Aggregate tables are named like:

`<slug>_{day,week,overall}_<index>`

Aggregate tables have flexible schemas. Every table contains the columns:

Column name | Type | Description |
---|---|---|

`client_id` | `STRING` | Client’s telemetry `client_id` |

`branch` | `STRING` | Branch client enrolled in |

`enrollment_date` | `DATE` | First date that the client enrolled in the branch |

`num_enrollment_events` | `INT64` | Number of times a client enrolled in the given branch |

`analysis_window_start` | `INT64` | The day after enrollment that this analysis window began; day 0 is the day of enrollment |

`analysis_window_end` | `INT64` | The day after enrollment that this analysis window terminated (inclusive) |

The combination of `(client_id, branch)`

is unique.

Each metric associated with the experiment defines an additional (arbitrarily-typed) column.

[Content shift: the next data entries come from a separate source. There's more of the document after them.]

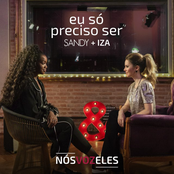 Eu Só Preciso Ser - Single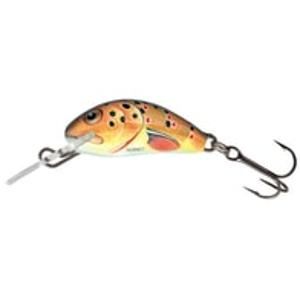 Salmo Wobler Hornet Sinking 3,5cm - Trout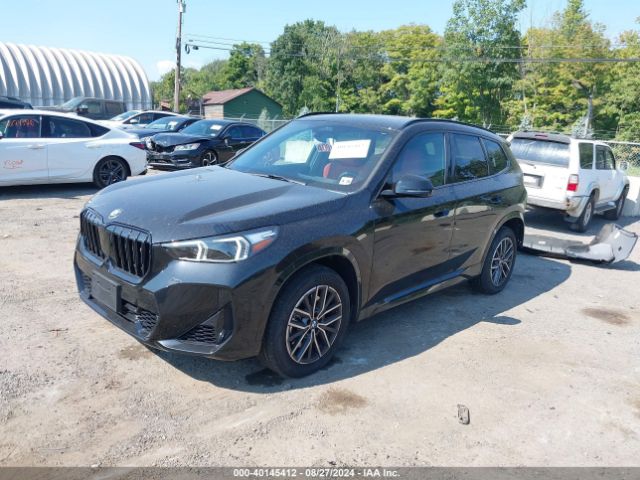 WBX73EF0XP5X55912 BMW X1 Xdrive28i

Each data source associated with the experiment defines additional
`<data_source>_has_contradictory_branch`

and
`<data_source>_has_non_enrolled_data`

columns, which respectively
indicate whether `client_id`

reported data from more than one branch or
without any tagged branch in that dataset over that analysis window.

## Scheduling

Jetstream is updated nightly by telemetry-airflow.
It is invoked by the `jetstream`

DAG.

## Code reference

Jetstream's datasets are generated by invoking Jetstream.
Data scientists can configure Jetstream or trigger a Jetstream invocation
by interacting with the `jetstream-config`

repository.